Washington DC: The FBI investigation into top-secret government information discovered at Mar-a-Lago is zeroing in on the question of whether former President Donald Trump’s team criminally obstructed the probe. A new document alleges that government records had been concealed and removed and that law enforcement officials were misled about what was still there.
The allegation does not necessarily mean that Trump or anyone else will ultimately face charges.
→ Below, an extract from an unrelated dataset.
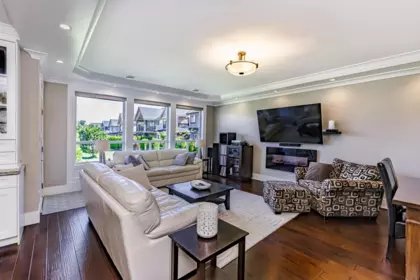17393 2 Avenue, Surrey, BC, Surrey — Single Family Residence for sale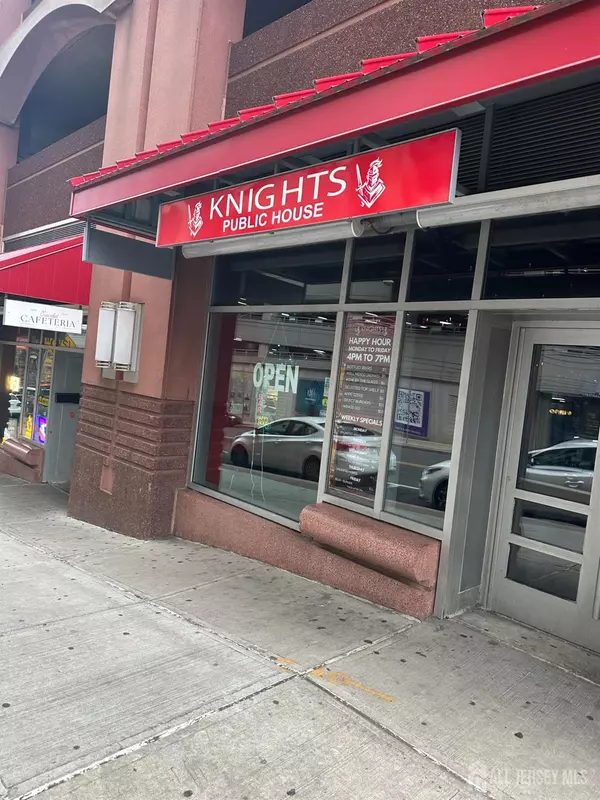 New Brunswick, NJ 08901,12 Easton AVE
But it could pose the most direct legal threat to Trump or those in his orbit, in part because the Justice Department has historically viewed obstruction as an aggravating factor that tilts in favor of bringing charges in investigations involving the mishandling of classified information.
“It goes to the heart of trying to suborn the very integrity of our criminal justice system,” said David Laufman, who once oversaw the same Justice Department counterintelligence section now responsible for the Mar-a-Lago investigation.
The latest Justice Department motion in the case is focused less on the removal last year of classified information from the White House to Mar-a-Lago and more on the events of this past spring. That’s when law enforcement officials tried — unsuccessfully — to get all documents back and were assured, falsely, that everything had been accounted for after a “diligent search.”
The Justice Department has stated in court filings that, besides investigating crimes related to the mishandling of national defense information and other documents, it is also looking into whether anyone committed obstruction.